For their part, the Ahwazi Arabs in Khuzestan sit atop Iran’s primary oil resources. For this reason, Ahwazi Arabs were once a major focus of U.S. government research on Iran.139 They should be again.
- Report on Iran’s human rights abuses against ethnic minorities. Washington’s international human rights reports should detail the plight of ethnic minorities in Iran. The U.S. Department of State produces an annual assessment on global human rights. In the chapter on Iran, ethnic minorities are discussed only briefly. The Department of State should augment this coverage. U.S. reporting on international religious freedom should also examine the state of Iran’s Sunni ethnic minorities.
- The U.S. Agency for International Development (USAID) should support organizations and individuals championing the language and cultural rights of Iran’s ethnic minorities. Over the years, USAID has supported a variety of organizations working on human rights-related issues in Iran, such as religious freedom and women’s rights. Minority-rights organizations should be supported, too.
- U.S. government messaging to and about Iran should be mindful of the fact that Iran is a multiethnic country. U.S. officials often use the word Persian interchangeably with Iranian. In March 2021, for instance, the White House sent Novruz greetings for the “celebration of the Persian New Year.” U.S. government officials often compliment the accomplishments of the “Persian nation.” This leaves out half of Iran’s population and could be construed as an indication that the U.S. government does not understand or respect Iran’s multiethnic demography.

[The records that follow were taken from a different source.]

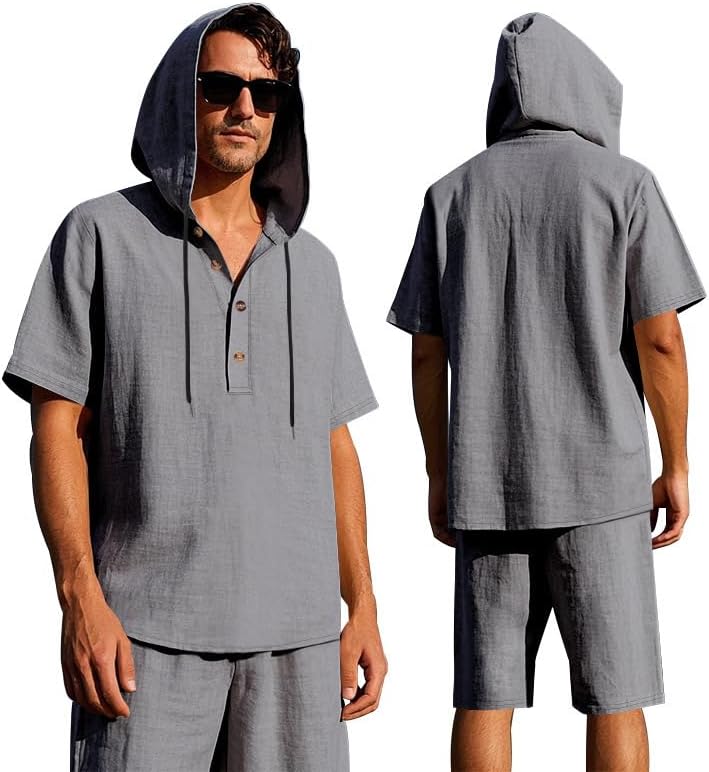 Men's 2 Piece Linen Outfits Short Sleeve Hooded Shirt and Beach Shorts Set Casual S...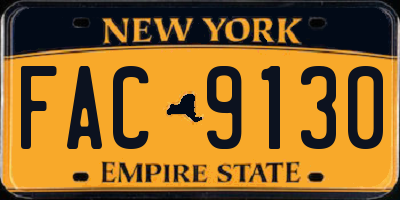 NY license plate FAC9130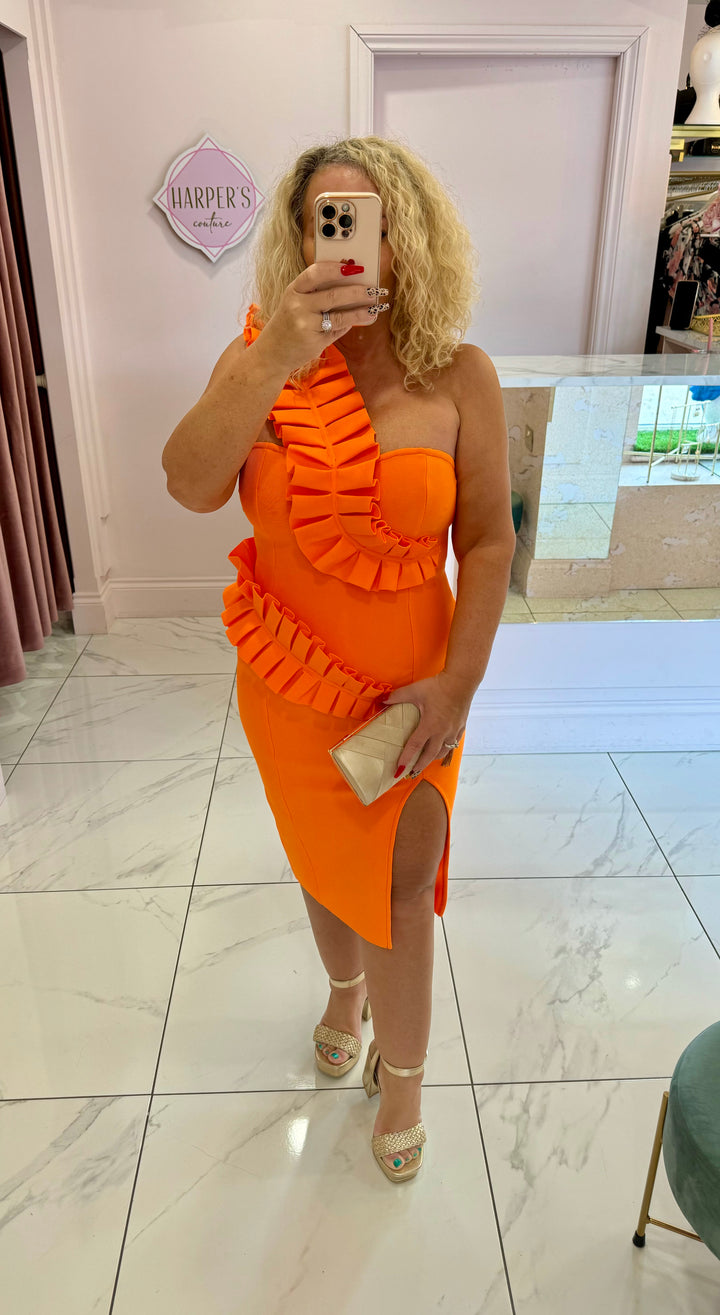 Yasmin Orange Swirl Bandage Dress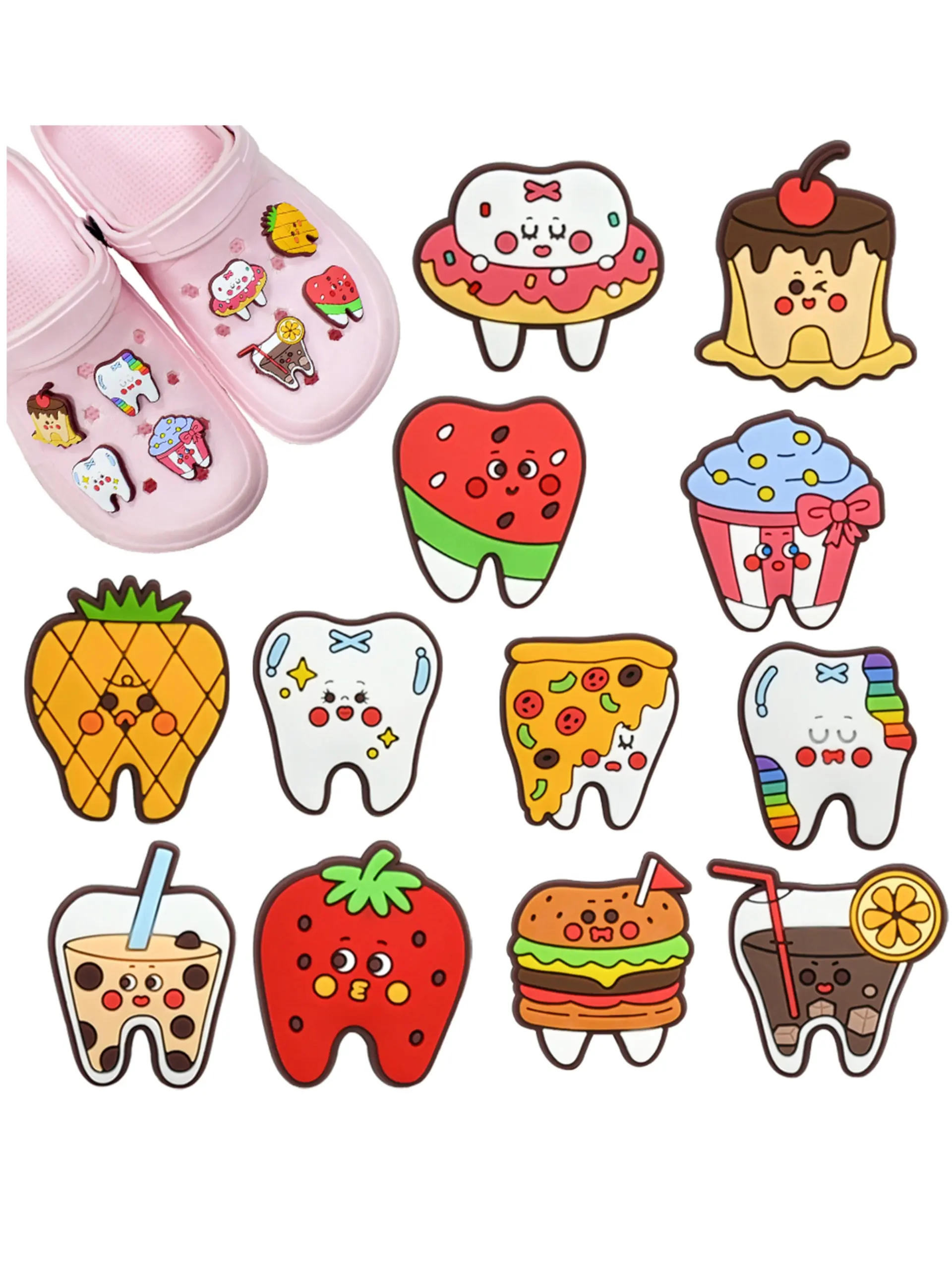Cute Cartoon Tooth Design Shoe Decorations, 12 Pcs PVC Shoe Accessories, Breathable Slippers, Fashionable Durable Footwear Decoration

- Strengthen U.S. media coverage of Iran’s ethnic minorities. U.S. government media, such as Voice of America, Radio Farda, and Radio Free Europe/Radio Liberty, currently do not significantly cover Iran’s ethnic minorities or developments outside Iran’s Persian-majority cities. Since these media outlets already broadcast in several of Iran’s minority languages (Azerbaijani, Kurdish, and Arabic), they can provide programming for Iran’s minorities at little or no additional cost.
- Monitor and study the impact of foreign television broadcasts in the minority languages. Foreign broadcasts have a significant impact on Iran’s ethnic minorities. These include Turkish, Azerbaijani, and Iraqi Kurdistan television, as well as U.S.-based Gunaz TV. U.S. government agencies should study the impact of these broadcasts within Iran. Many Gunaz TV shows are interactive, and the broadcasts can shed light on attitudes and developments in Iran’s minority provinces.
Finally, by granting interviews in minority-language broadcasts, U.S. officials can reach larger swaths of the population of Iran.
When assessing the viewing rates of foreign broadcasts in Iran, Washington should include the non-Persian-language foreign broadcasts in addition to the Persian language broadcasts.
- Consult with neighboring countries about Iran’s ethnic minorities. In forging a new U.S. policy toward Iran’s ethnic minorities, it is important to conduct discussions with and learn from bordering countries that share ties to ethnic groups in Iran: Turkey, Azerbaijan, Turkmenistan, Pakistan, Iraq, and Afghanistan. These countries have important knowledge on the developments among co-ethnics in Iran, including insights gleaned through asylum requests and refugee flows.
- Assess the risks associated with the Ahwazi position at the center of Iran’s oil production. The bulk of Iran’s oil production and major export pipelines and ports are located in the Khuzestan region. Khuzestan is the center of Ahwazi anti-regime activity and is therefore potentially unstable. Analysts assessing global oil markets, such as at the U.S. Department of Energy’s Energy Information Agency, should increasingly assess domestic threats to oil production and export facilities in Khuzestan.